Besides, since CLP assessment is currently mostly applied to inflammatory bowel diseases, it could be relevant to investigate the relationship between fecal and circulating CLP in COVID-19 patients with gastrointestinal manifestations for a further important evidence of its diagnostic value as a promising marker in COVID-19.

Unfortunately, our work has some limitations. The population of the study has been chosen on the basis of available samples collected on the same day of first access to Emergency Department. As a consequence, we had no information regarding the presence of concomitant diseases. Therefore, in light of the aim of the study, RT-PCR positivity/negativity outcome was the only inclusion/exclusion criterion considered.

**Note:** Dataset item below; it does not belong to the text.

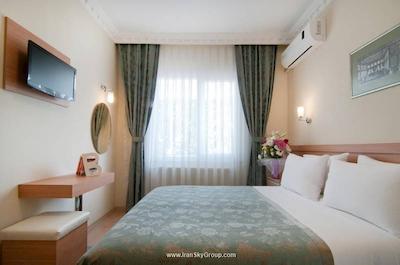 کیو هتل استانبول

Furthermore, according to hospital data access policy, we cannot provide any further information on medical records and on the clinical status of the patients, except for laboratory medicine department results.

In conclusion, our data suggest that circulating calprotectin along with being of interest as a generic inflammatory marker may provide important indications in the context of SARS-CoV-2 infection.

Of course, additional studies are required to confirm circulating plasma calprotectin assay as a support for the diagnosis of SARS-CoV-2 infection by larger samples size, taking advantage of longitudinal and retrospective studies.